REPUBLIC v AFRICANAS NTHEKE NGUNGA [2007] KEHC 3401 (KLR) | Right To Be Brought To Court | Esheria

REPUBLIC v AFRICANAS NTHEKE NGUNGA [2007] KEHC 3401 (KLR)

Full Case Text

REPUBLIC OF KENYA

IN THE HIGH COURT OF KENYA

AT NAIROBI (NAIROBI LAW COURTS)

Criminal Case 213 of 2003

REPUBLIC …………………………………………....RESPONDENT

VERSUS

AFRICANAS NTHEKE NGUNGA ……………………….ACCUSED

J U D G M E N T

The Accused Africanas Ntheke Ngunga is charged with offence of murder contrary to section 203 as read with section 204 of Penal Code.  The offence of murder is punishable by Death.

It is alleged that on 8th July, 2003 about 9. 00 p.m. at the University of Nairobi the accused murdered one Felistus Mbithe Mutua.

The trial was protracted due to the accused changing his counsel and filing several applications and also due to the fact I was being transferred to other Divisions of the High Court.

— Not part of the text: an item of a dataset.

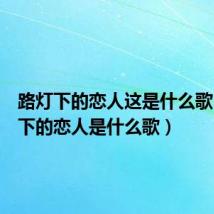 路灯下的恋人这是什么歌(路灯下的恋人是什么歌)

At the close of the defence and during submissions the learned counsel for the Accused raised a Constitutional issue alleging the violation of his human and Constitutional right granted under section 72(3) of the Constitution.  Mr. Wamwayi urged that the Accused person, as per the evidence on record, was arrested in Tanzania on 6th March 2004 and was arraigned before the court on 26th April, 2004.  He was brought before the court about one month and 20 days after his arrest which is beyond the permitted days of 14 days as per section 72(3).  He contended that as his rights were violated the whole trial is a nullity and the Accused should be acquitted.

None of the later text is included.